Erasmus unterbricht öfters den Ablauf dieser Erzählung mit theologischen Untersuchungen und Kontroversen, weshalb ich auf eine wörtliche Übertragung verzichtete und bloß den Inhalt der Legende gab, die mir tief genug zu sein scheint, als daß sie noch gelehrte Gewichte brauchte, sie in die Tiefe zu ziehen. Aber es steht da noch ein sehr erstaunlicher Schluß, der das Ganze der kleinen Geschichte ins Große weitert. Dieses nämlich.

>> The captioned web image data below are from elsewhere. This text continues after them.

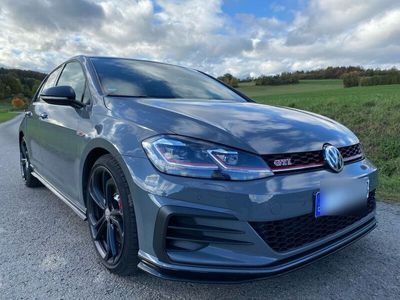 gebraucht VW Golf GTI TCR DSG Akrapovič 260 km/h Reifnitz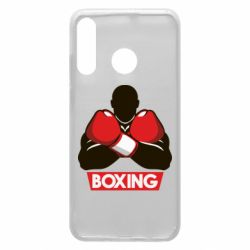Чохол для Huawei P30 Lite Box Fighter - PrintSalon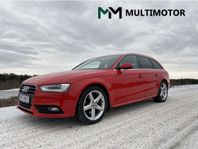 Audi A4 Avant 2.0 TDI quattro S Tronic Launch Edition S Line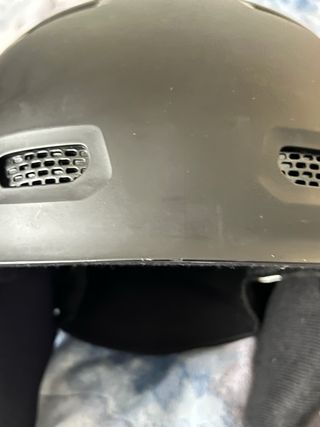 Casco esquí y snowboard transpirable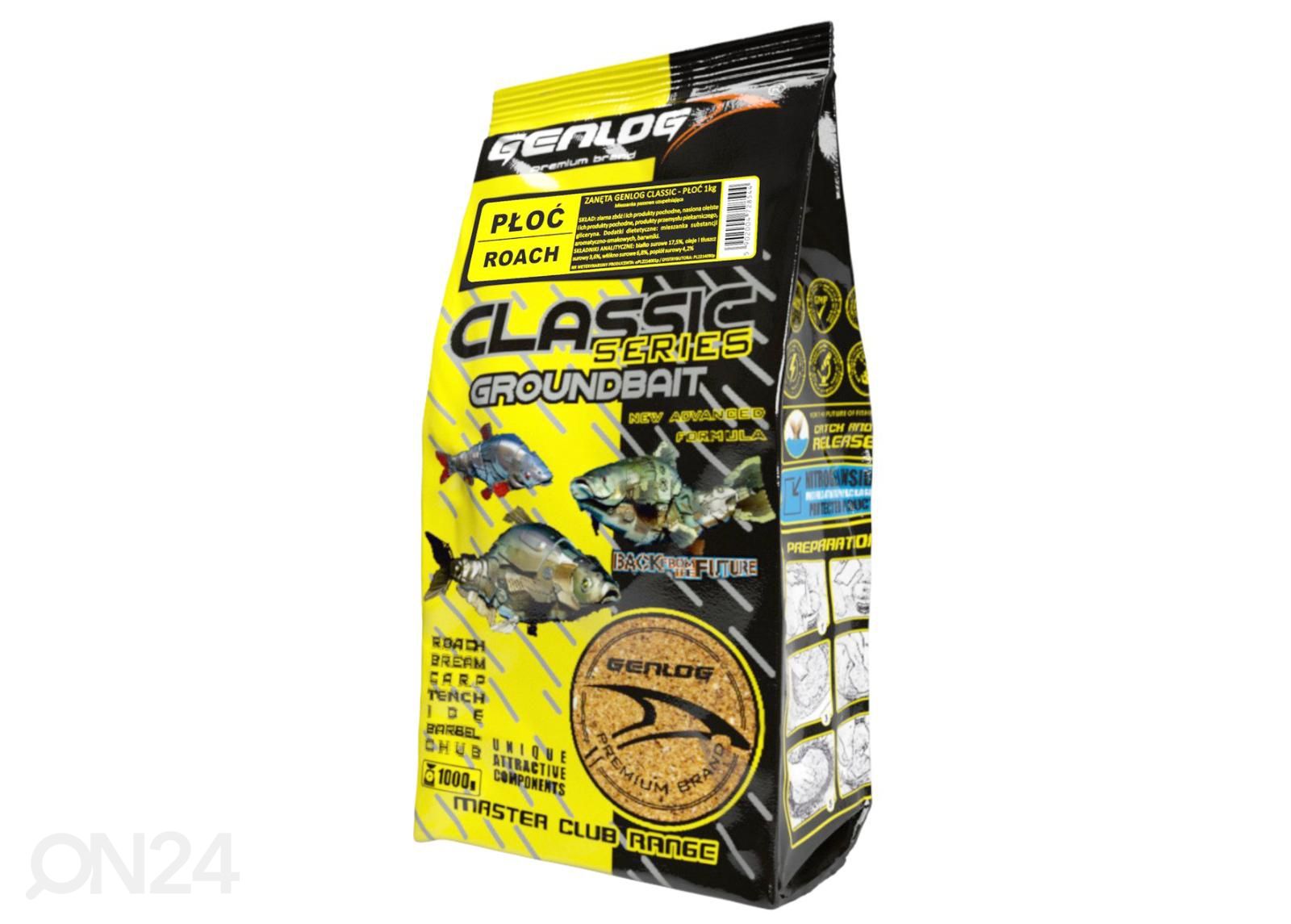 Kalanrehu Genlog classic 1 kg särki kuvasuurennos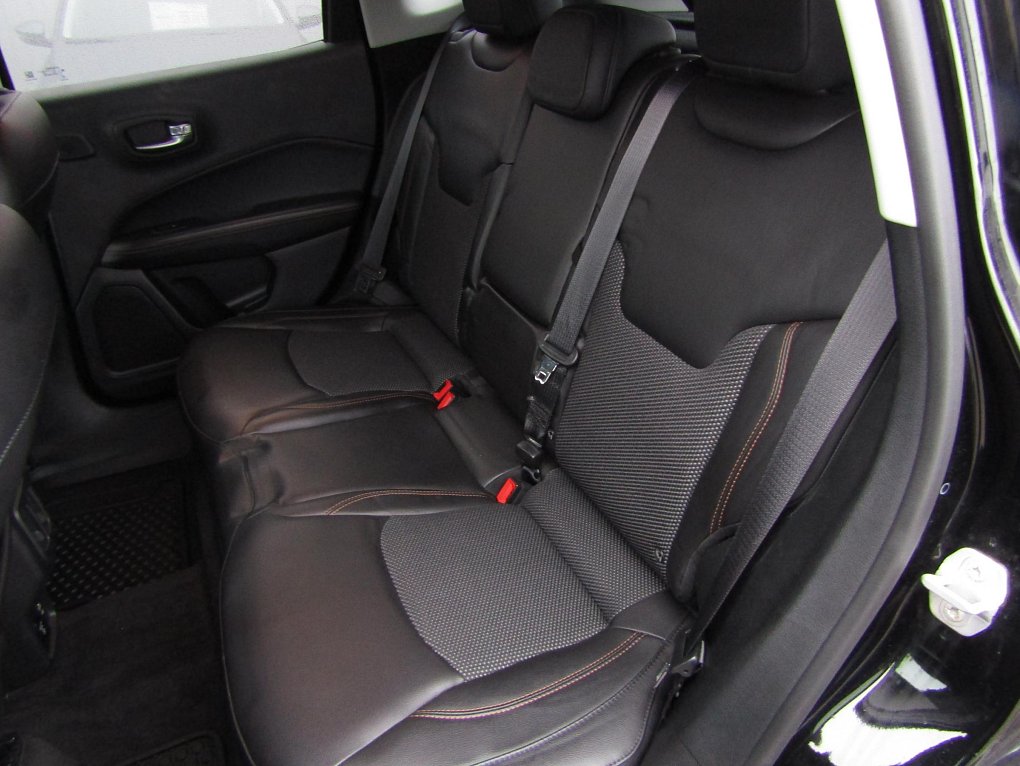 Jeep Compass 1.4 T Limited 4x4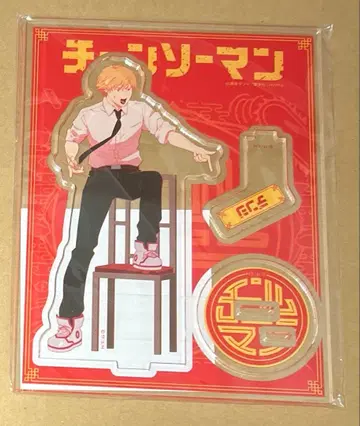 체인소 맨 난자타운 아크릴 스탠드 덴지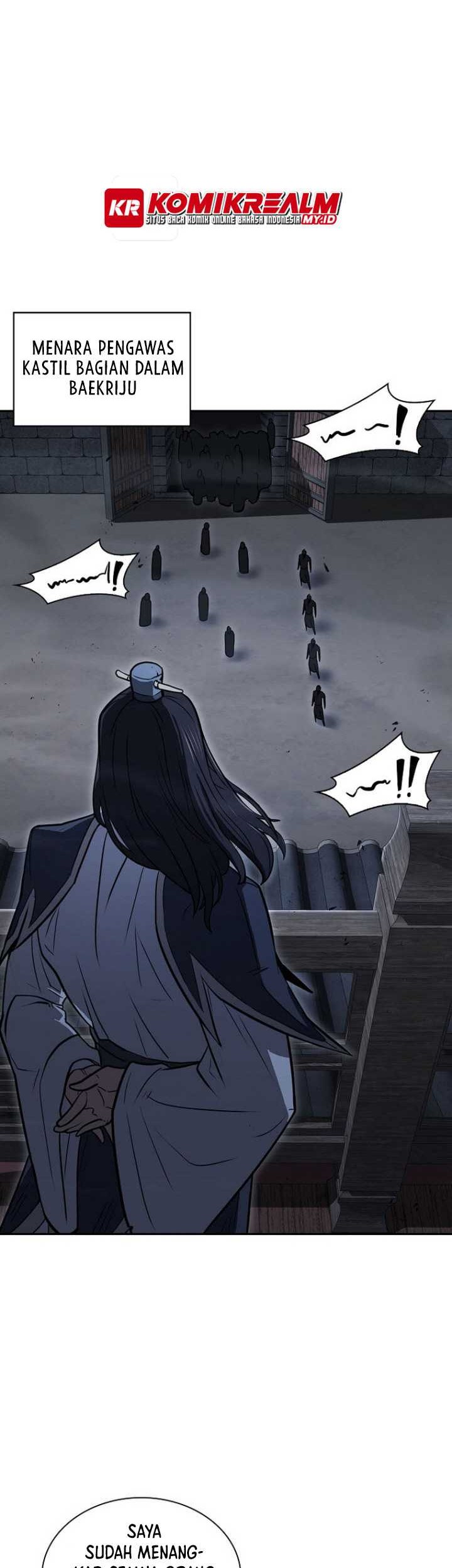 Sword Demon Island chapter 58 halaman 20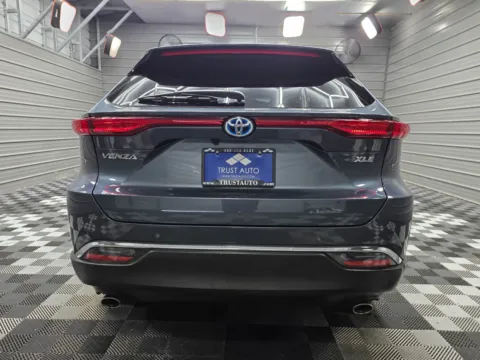 More photos of 2023 Toyota Venza LE at Trust Auto, MD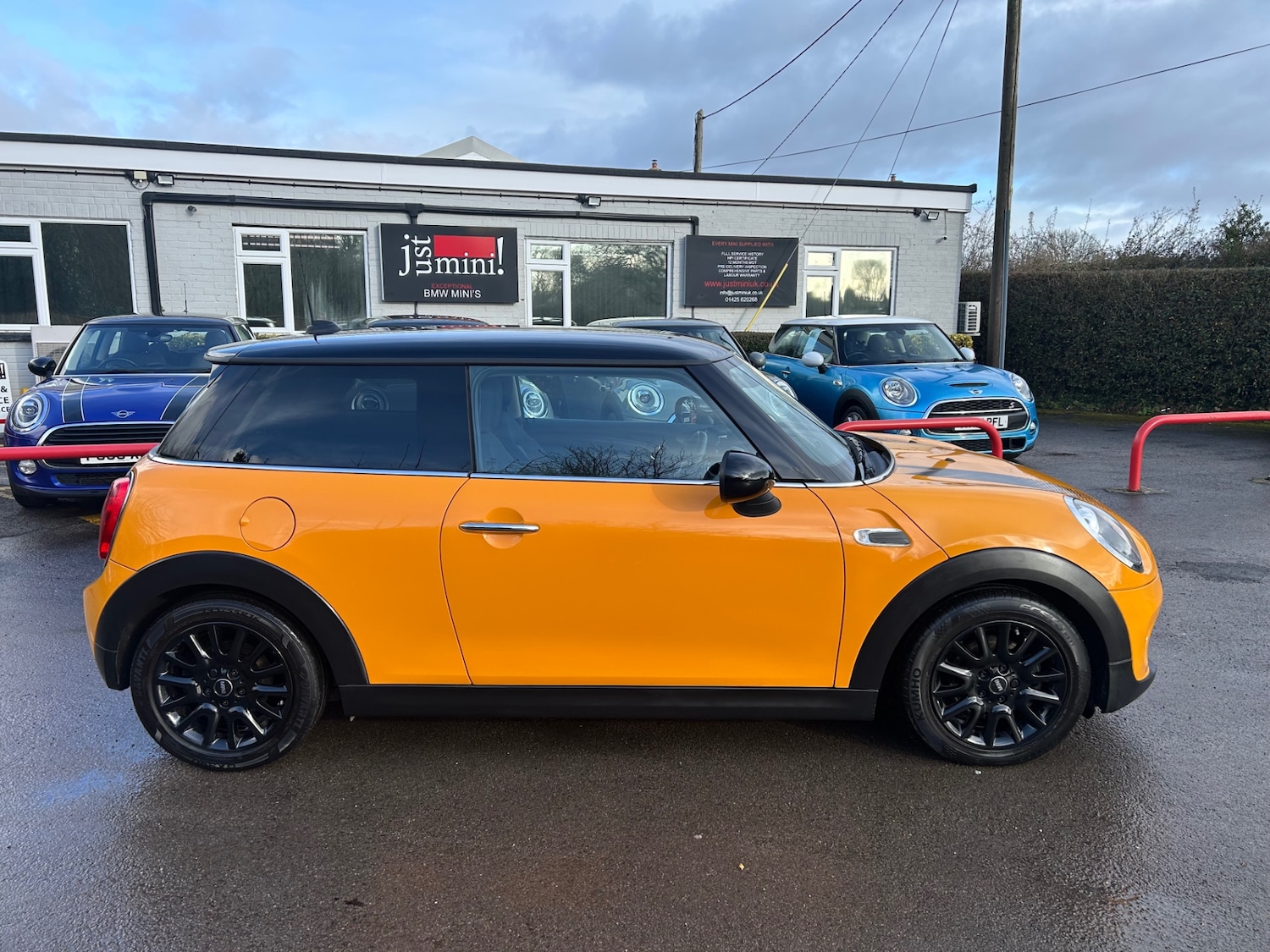 Used MINI Hatch 2016 for sale - 77392164: Photo 2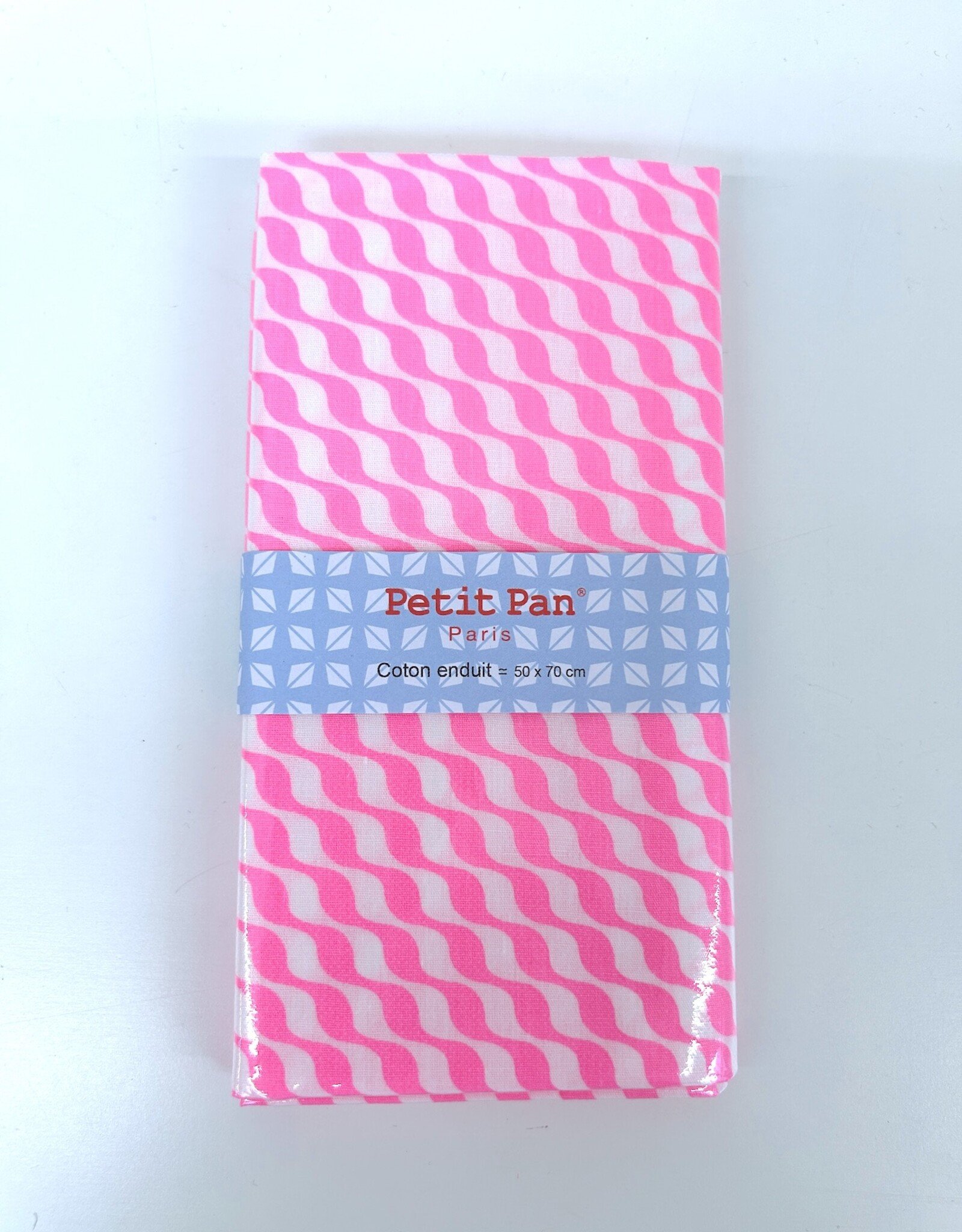 Petit Pan Toile Cirée - Kifkif Rose - 50x70cm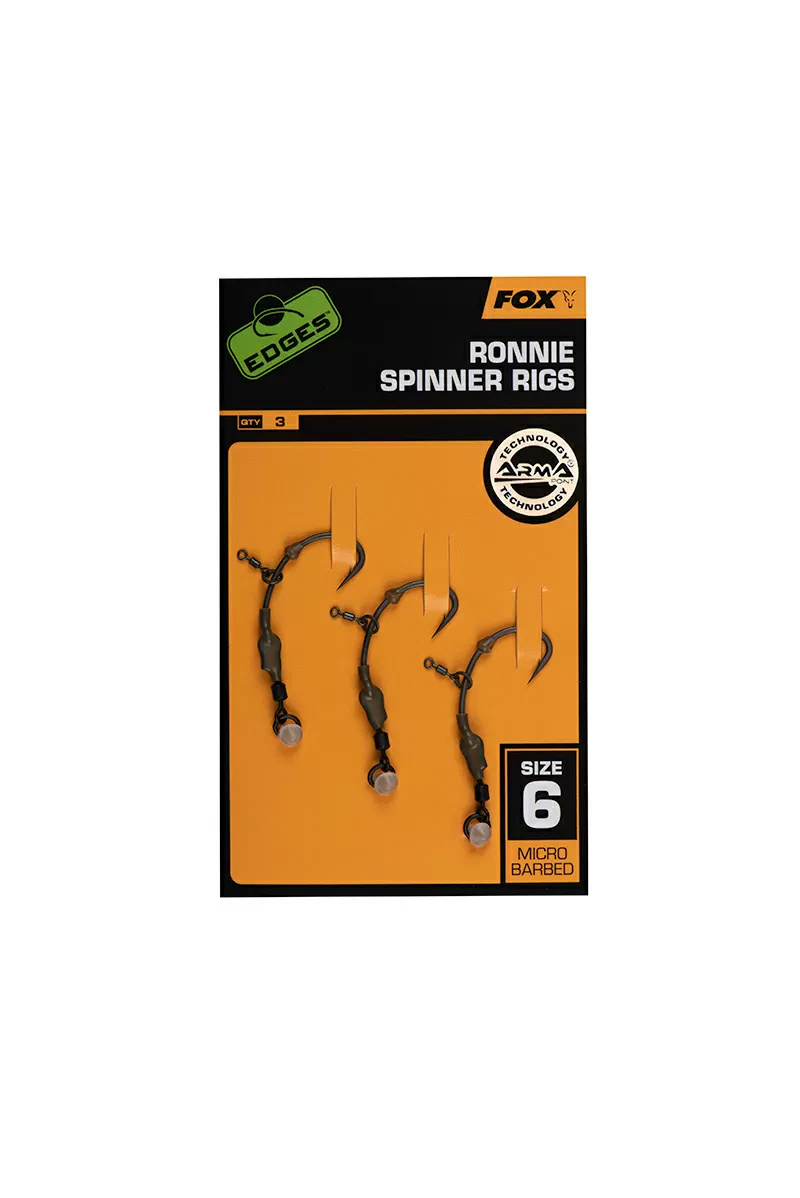 Spinner rigs store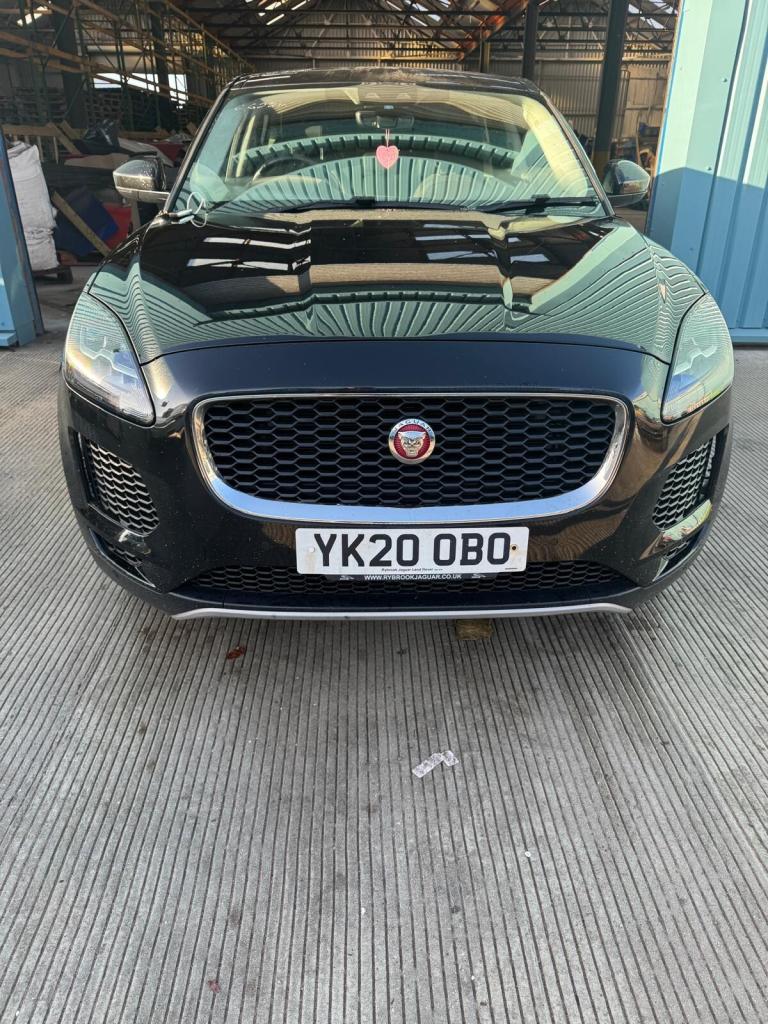 2020 Jaguar E-Pace 2.0d S 5dr Auto ESTATE Diesel Automatic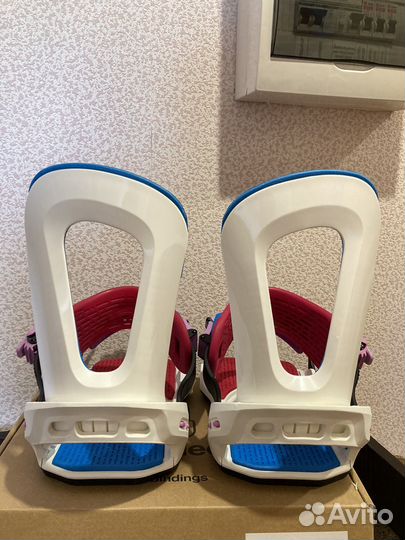 Крепление для сноуборда Bataleon (Switchback)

Es war aber dieses geschehen, damals in jener dunkeln Stunde der Verzweiflung, daß dem Bischof der Christus in der Gestalt des Teufels erschienen war und den Vertrag mit ihm geschlossen hatte. O Lazarus, Lazarus, wer war es, der dich aus der gütigen Nacht erweckte zum grausamen Tag? Wer war es, der dir das weiße Linnen nahm und dir wieder den Flickenrock, den armseligen des Lebens, um die gereinigten Glieder legte? O Lazarus, wer war es, der dir wieder das einerlei Werkzeug in die reine Hand drückte, um sie schwielig zu machen aufs neue mit der Beschwernis dieses irdischen Lebens? O Auferstandener zum Wiederleben, war es Christus, der dich rief? War es Satan in der Gestalt des Herrn? Morgenfrühe, grüne Schwester du des Lazarus, du goldenes Ei im Neste des braunen Landes, welchen bösen Geistes Opfer bist du, ewig Wiederkehrende an jedem Tage? Morgenfrühe, grünliche Verwesung des schwarzen Hauptes, zitterndes Herz im Schatten, Schwester des Lazarus, die du aus dem Abgrund immer wiederkehren mußt, schwanger von ihm und mich schwängernd mit deiner Traurigkeit – welcher Dämon ruft dich? O Morgenfrühe, blasse Mutter des Tages, kleine Knospe des Lichtes!

Des Mannes, der im Lobe der Narrheit das Gesetz von der Notwendigkeit der Illusion entdeckt hat, ist dieses kleine Buch Parma Mirabilis nicht unwürdig.